17/08/2015

THE LORD IS NEAR TO THE BROKEN HEARTED


MANY OF MY READERS WILL HAVE been present earlier today at the Eucharist Service for Sunday Trinity 11, at which, like myself, they may have noticed a sort of symmetry between today's Responsorial Psalm 34, and the day's second reading, from Ephesians 5, a Letter from St Paul, and events taking place in modern British politics involving Mr Jeremy Bernard Corbyn (above), a man who wishes to lead the Labour Party and Britain to a "New Jerusalem", and Lord John Buttifant Sewel (below), recently filmed snorting cocaine off the breast of a prostitute while wearing her bra and prior to that a Labour minister.


MAKING THIS LINK MORE OBVIOUS was the return of Mr Gordon Brown, formerly of this parish, as they sometimes say, who felt it his duty to advise members of the Labour Party on the thorny issue of whom they should choose as their future leader.


BROWN WAS AT HIS IMAGINATIVE BEST, with his speech suggesting he had also been at church this morning, as he stated that "our hearts can be broken" if Labour was not in power and was unable to do anything to change the world. Brown was relatively clear in his message, without actually venturing Corbyn's name. Indeed, when he stated that the party should be careful not to choose someone "unelectable" I detected some confusion among his no doubt carefully chosen audience: might he be referring to himself? We shall never know.

MEANWHILE, IN HIS LETTER to the Ephesians, St Paul, ever full of advice and in this aspect so similar to Gordon Brown, told us about the ways of the Lord: "be careful how you live", "do not be foolish" and "do not get drunk with wine, for that is debauchery" are certainly wise pieces of counsel that Brown might well have imparted to his former cabinet colleague Lord Sewel, whom I imagine to be rather heartbroken himself at the moment, now that he can no longer walk the way of a Lord.

16/08/2015

HOME FROM THE HOLIDAYS


ONE OF THE OCCASIONALLY INTRIGUING aspects of taking a holiday is that of wondering whether all will be well on one's return; this is sometimes turned into an understandable worry on the part of those insecure people who fear that their world may have either changed beyond recognition in their absence or at least have managed to get along perfectly fine without them -- indeed not noticing their absence at all.

ON RETURN FROM MY OWN restful fortnight or so on a secluded beach, with occasional forays into the local hills, beyond the reach of electronic devices of any kind, I am pleased to see that nothing much has changed in my absence.

THE COUNTRIES IN EAST AFRICA and the Middle East continue on in their several different manners of attempting to turn themselves into unpopulated stretches of skeleton-strewn rubble; the United Kingdom and the European Union are still at loggerheads; and immigration is still the prime issue on the table in the offices of The Daily Mail.

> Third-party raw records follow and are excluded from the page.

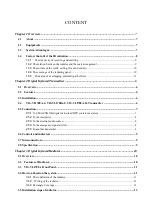 Preview for 5 page of vissonic VIS-VLI700A-16 User Manual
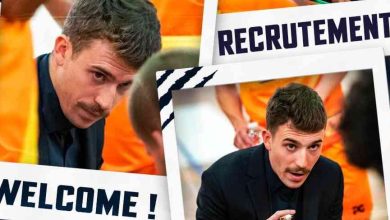 Dinis Amaral anunciado como treinador adjunto do Alm Evreux Basket Eure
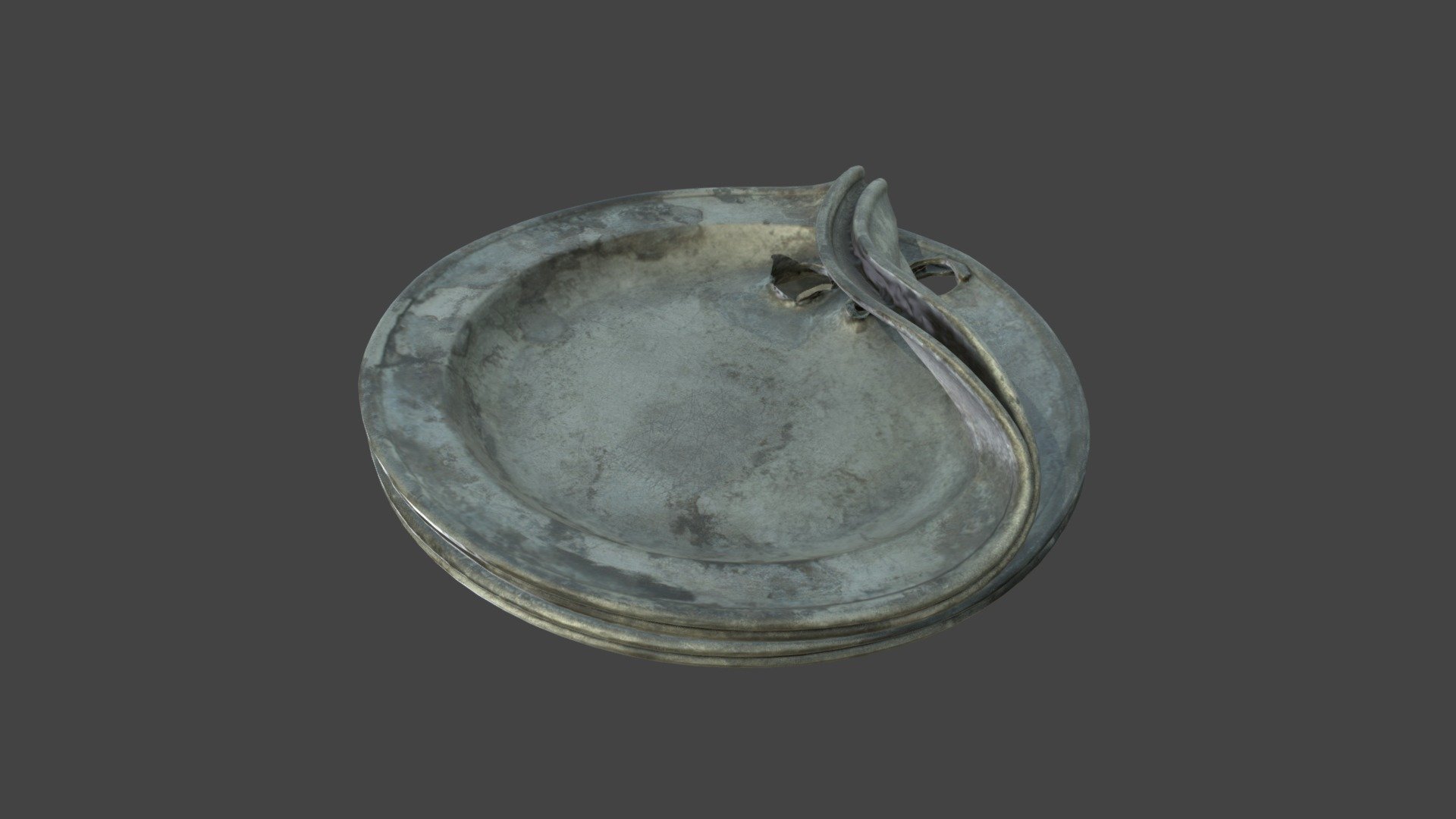 Borden — Sketchfab embed 3D viewer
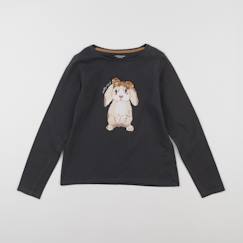 Seconde main-Fille-Tee-shirt - 8 ans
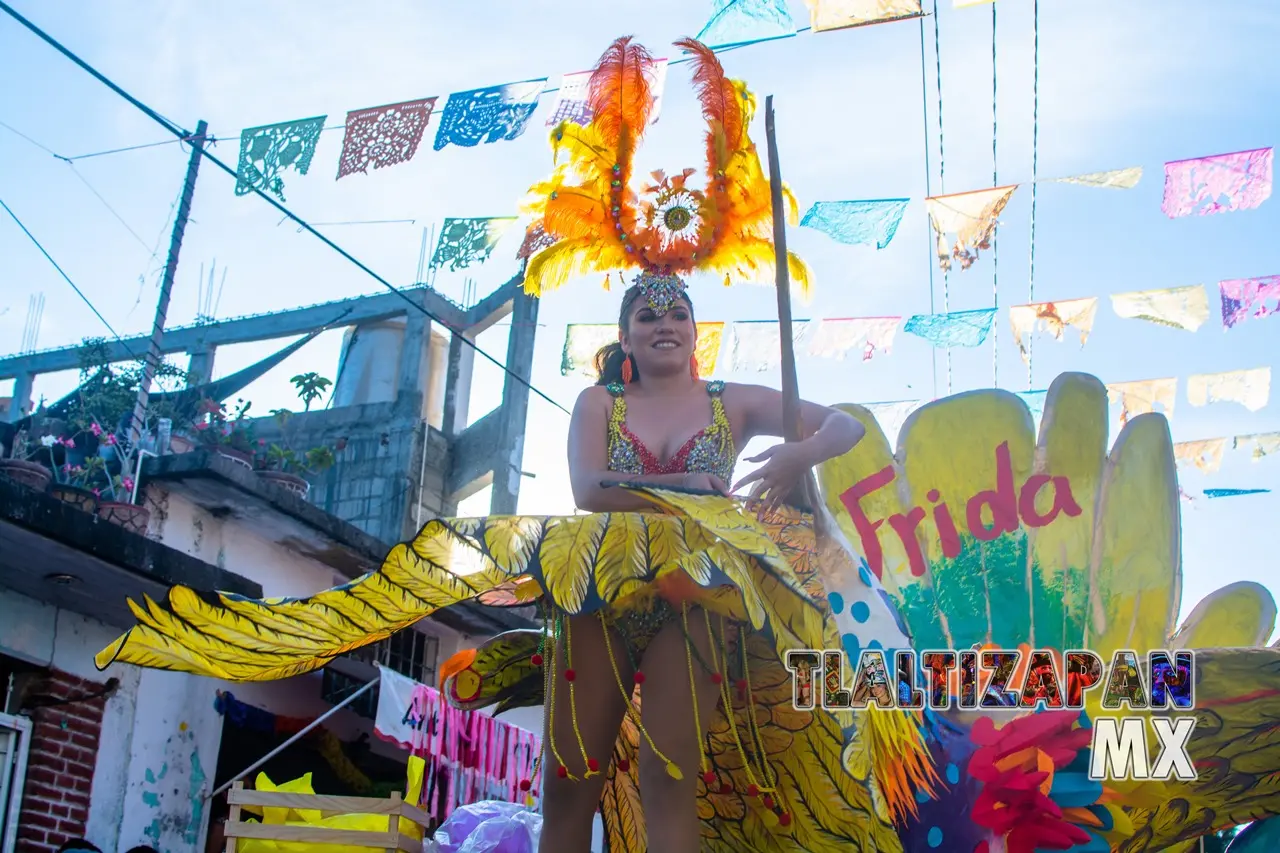 Carnaval de Tlaltizapán 2020 Martes 25 de Febrero | Colecciones multimedia | Tlaltizapan.mx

INDEED, A MORE DISTRACTED LOOK might allow one to believe that the world and time have moved back a generation, given that the Labour Party is about to split itself again over whether to choose a lady or a left-wing lunatic in order to lead it to certain defeat for the next fifteen years, the transport unions are on strike, Cilla Black is in the hit parade and Greece is on the verge of revolution.

"BEING HOLIDAY, THE BEGGAR'S SHOP IS SHUT," announces Romeo in Act V Scene 1 of Shakespeare's turgid and unlikely soppy tragedy Romeo and Juliet, but although it is holiday time in Greece the begging knows no end; nor does the patience of the kind-hearted naïve politicians who continue to give money to a country full of mendicants that hasn't invented anything since geometry. 

AS THE POLITICAL COMMENTATOR GARY GULMAN has wisely pointed out, a civilisation that managed to invent maths, science, astronomy and democracy must surely be a good investment. Unfortunately this activity stopped around two thousand years ago, when the leaders of Greece seem to have held a meeting in which it was decided that all this inventing was hard work and they would keep to one simple project called "salad". Although in principle salad was never going to be as profitable as the above-listed sciences it may in all fairness have looked like the Greeks were onto a winner, even if they were putting all their cubes of Feta in one basket.

I HAVE A JAR OF FETA in my fridge at the moment, along with a quart tub of "Greek-style" yoghourt, their latest capital venture, but -- alas! -- both of these products were bought from my local branch of the supermarket Lidl, the modern equivalent of the German storm troopers trampling across Europe.